European Genome-Phenome Archive

File Portal - Quality Control

File InformationEGAF00002117116

File Data

Site Frequency Distribution

Also called allele frequency spectrum, refers to the distribution of the allele frequencies of a set of loci (typically SNPs) in a population or sample. It is a histogram which depends on the number of samples used for its calculation and therefore, it is significant if a high number of samples are used. Sometimes, variant callers use human databases of variants as a control to get an idea about the expected frequencies. A good plot should be similar to an exponential distribution like the one shown below:

SFS

Variant types

This plot shows which kind of variant types are present in the VCF file. SNPs are the most common variant expected to be detected. The proportion among the different types (Ins for insertions and Del for deletions) may vary according to the kind of experiment performed, being more variant types in whole sequencing data than in exome data as big changes may be more deleterious. Other variant types may comprise when a combination of SNP and deletion occurs (i.e. Ref: ACGT → CCG).

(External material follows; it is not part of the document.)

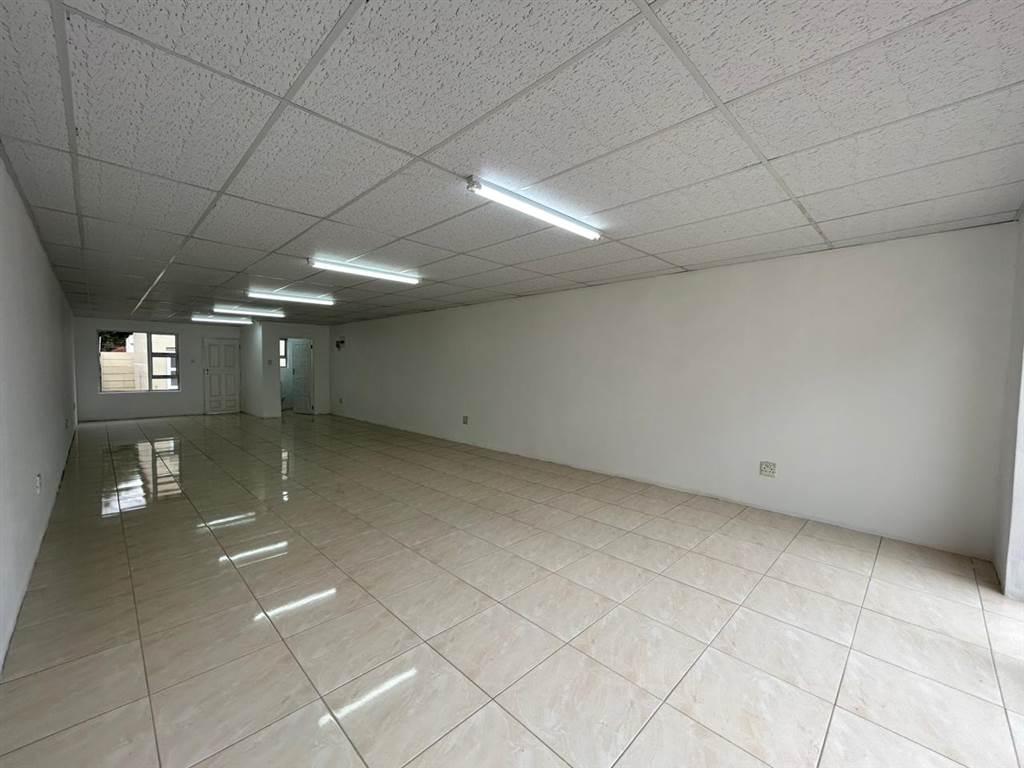 77  m² Commercial space in Emmarentia photo number 5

The purpose of this plot is just informative as it allows to check if the VCF has been filtered and to detect which variants are not present in a first view.

Ts/Tv: 0.99

Transversion is defined as a point mutation of the DNA sequence that makes a change of purine (Adenine & Guanine) to pyrimidine (Cytosine & Thymine) or vice versa. Pyrimidines are characterized in having a double ring while purines do have one.

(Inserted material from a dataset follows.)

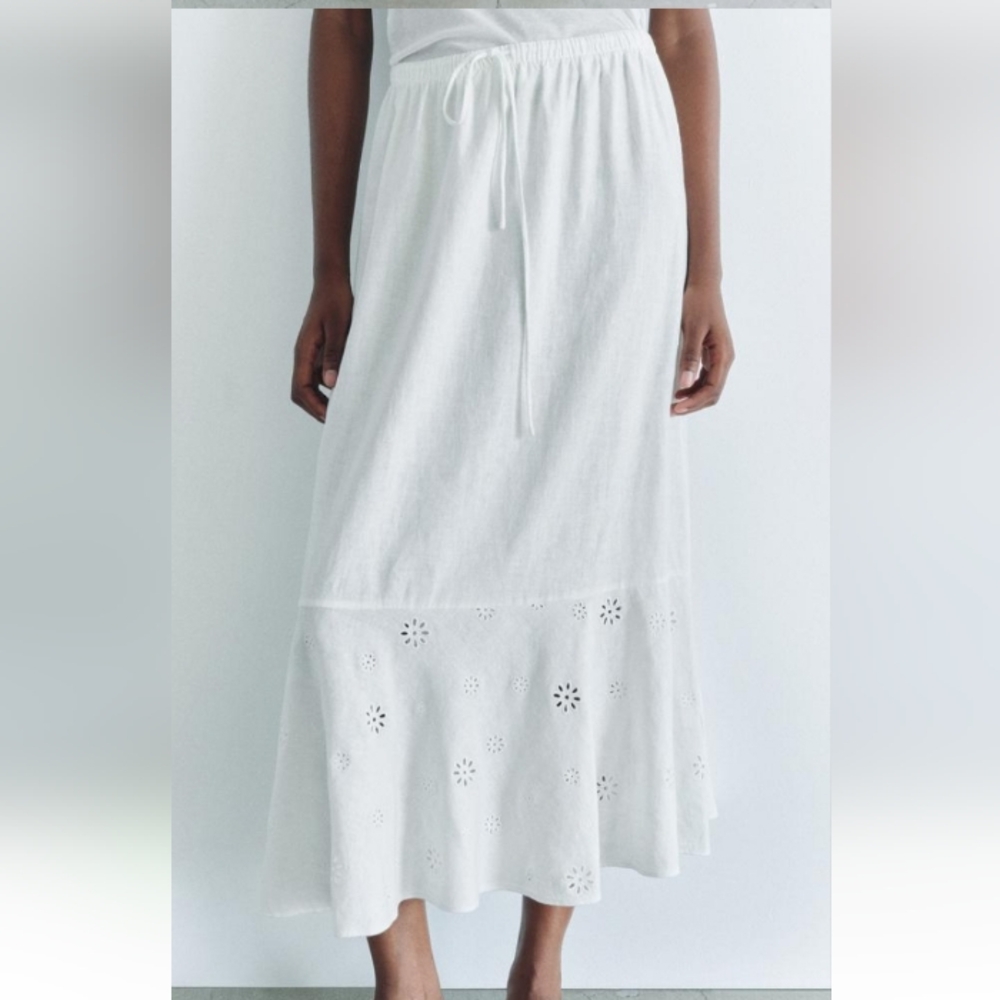 Zara Embroidered Linen Blend Eyelet Casual Elastic Waist Boho Maxi Skirt Sz-L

Transition occurs when the mutation is between the same kind of bases (purine to purine or pyrimidine to pyrimidine). Transitions are less likely to turn in amino acid substitutions and may persist as “silent substitutions” as single nucleotide polymorphisms (SNPs).

Transitions occur approximately 10 times more often than transversions as changing a single structure is more likely than changing a double ring to a single ring. Also, it is important to notice that transversions usually have more effect than a transition as the third position of the amino acid code is more tolerant to transitions than transversions, i.e. transition may derive in the same amino acid.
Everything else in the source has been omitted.